AIM OF THE TASK: Copy the listing as it is written, and leave each picture out.

MATERIAL PROVIDED:

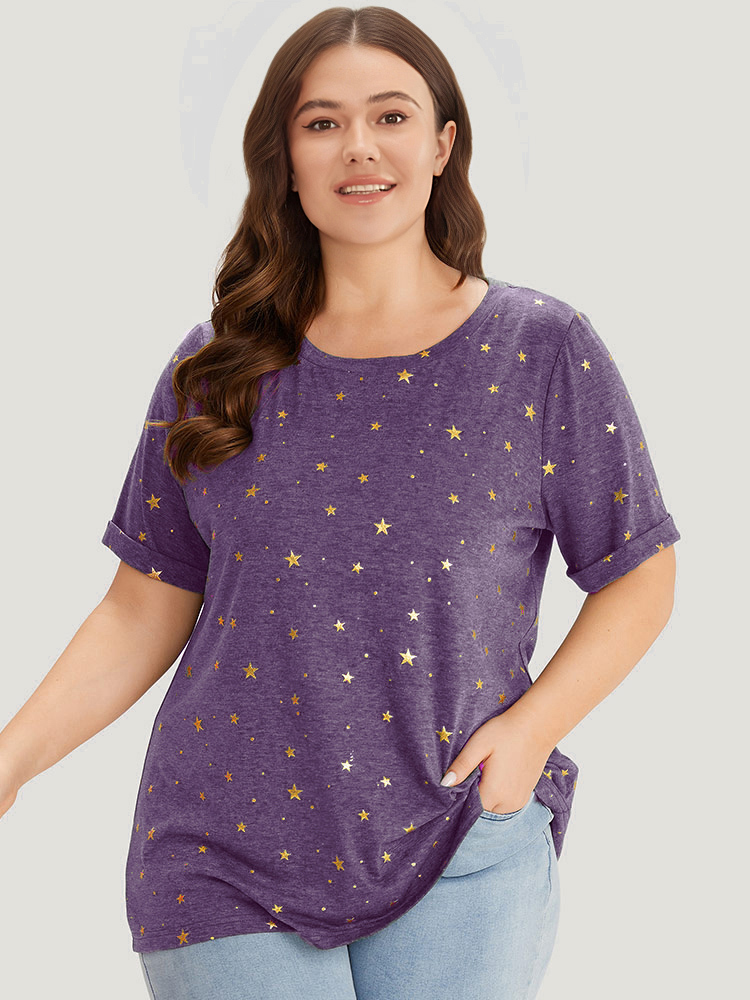 

Plus Size Star Glitter Cuffed Sleeve Crew Neck T-shirt Purple Women Casual Heather Moon and Star Round Neck Dailywear T-shirts BloomChic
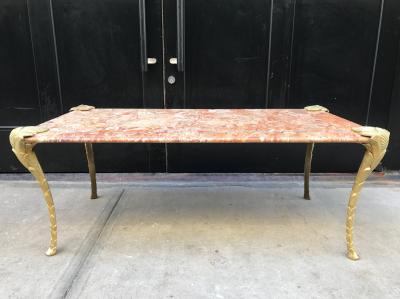 Maison Charles Maison Charles Bronze and Marble Coffee Table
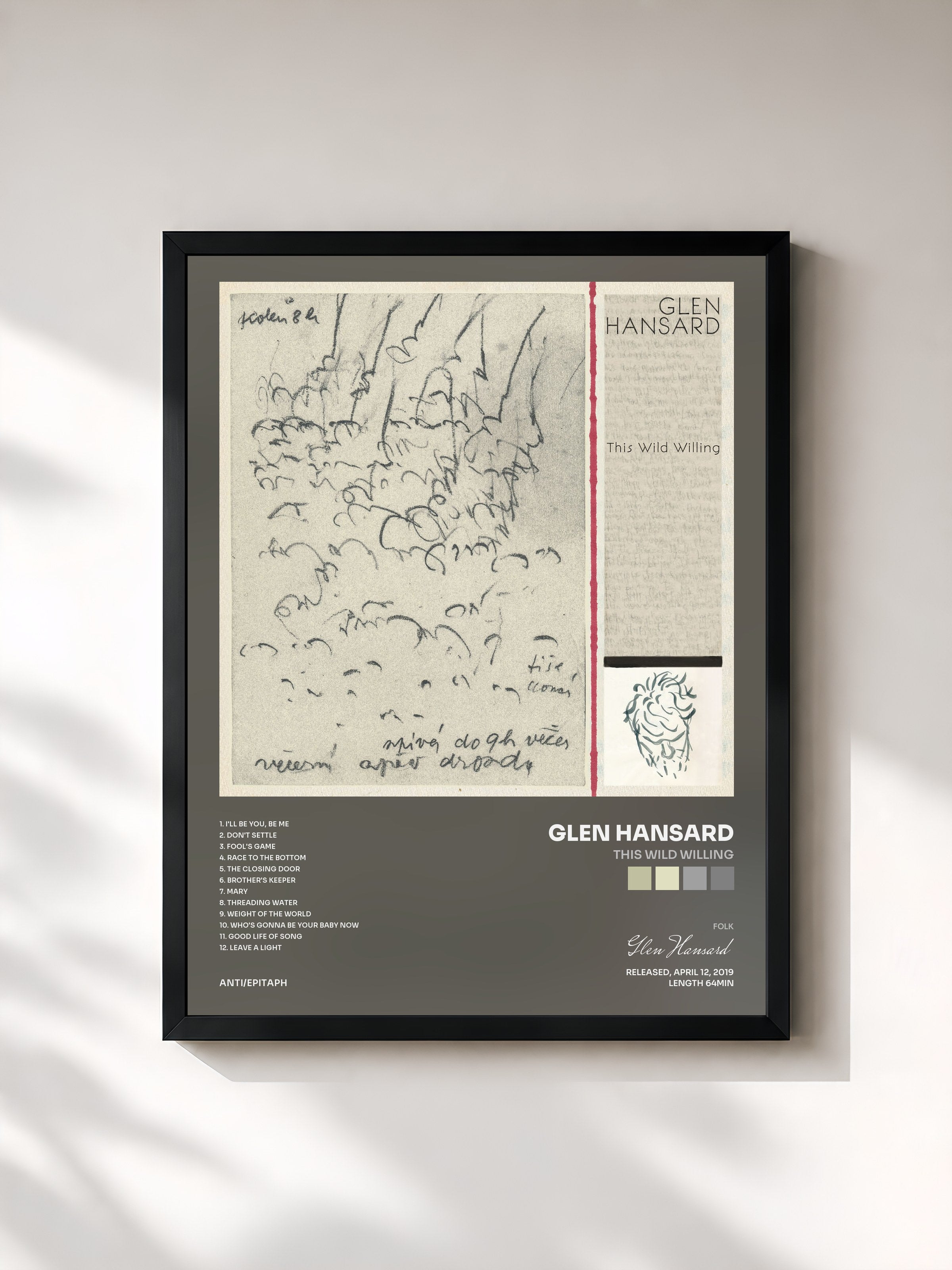 #noir Tableau de l'album This Wild Willing de Glen Hansard, cadre noir, imprimé et encadré en France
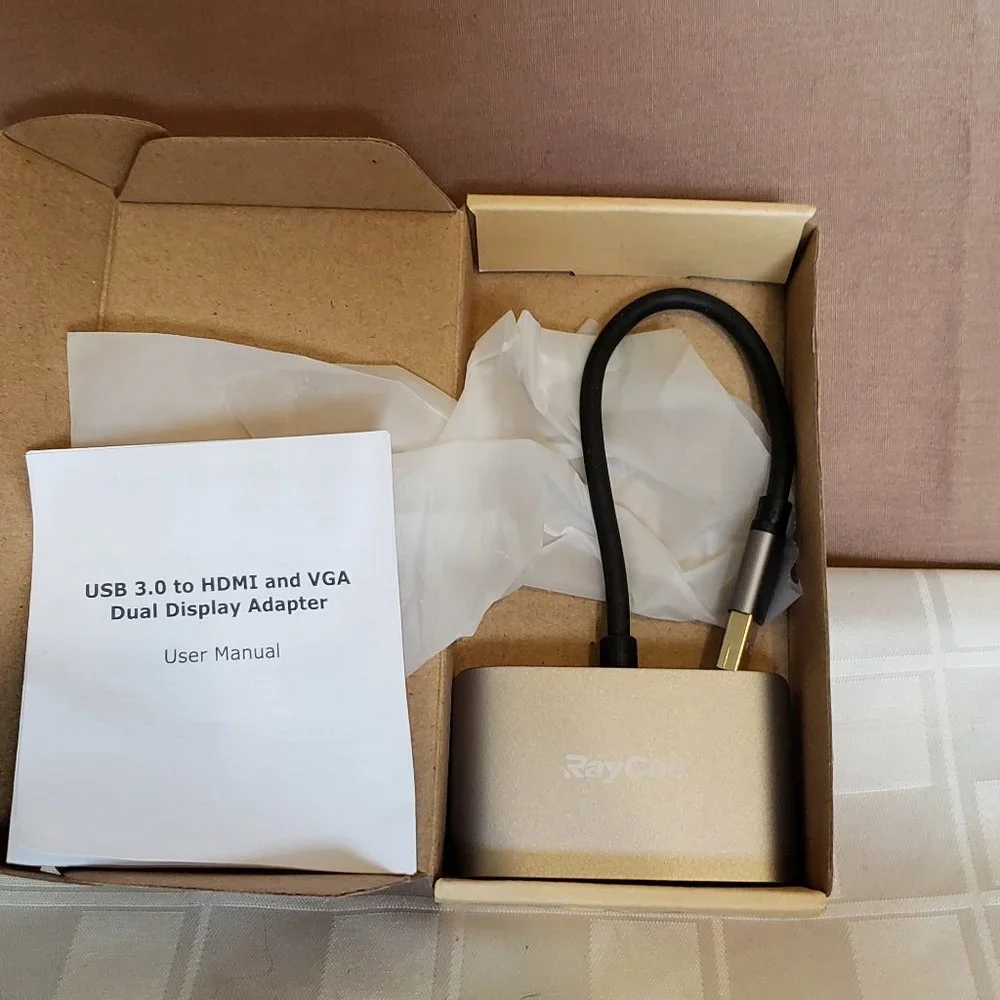 USB 3.0 to HDMI and VGA Dual Display Adapter, RAY CUE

EXPECTED ANSWER:
Plus Size Star Glitter Cuffed Sleeve Crew Neck T-shirt Purple Women Casual Heather Moon and Star Round Neck Dailywear T-shirts BloomChic
 Maison Charles Maison Charles Bronze and Marble Coffee Table
 #noir Tableau de l'album This Wild Willing de Glen Hansard, cadre noir, imprimé et encadré en France
 USB 3.0 to HDMI and VGA Dual Display Adapter, RAY CUE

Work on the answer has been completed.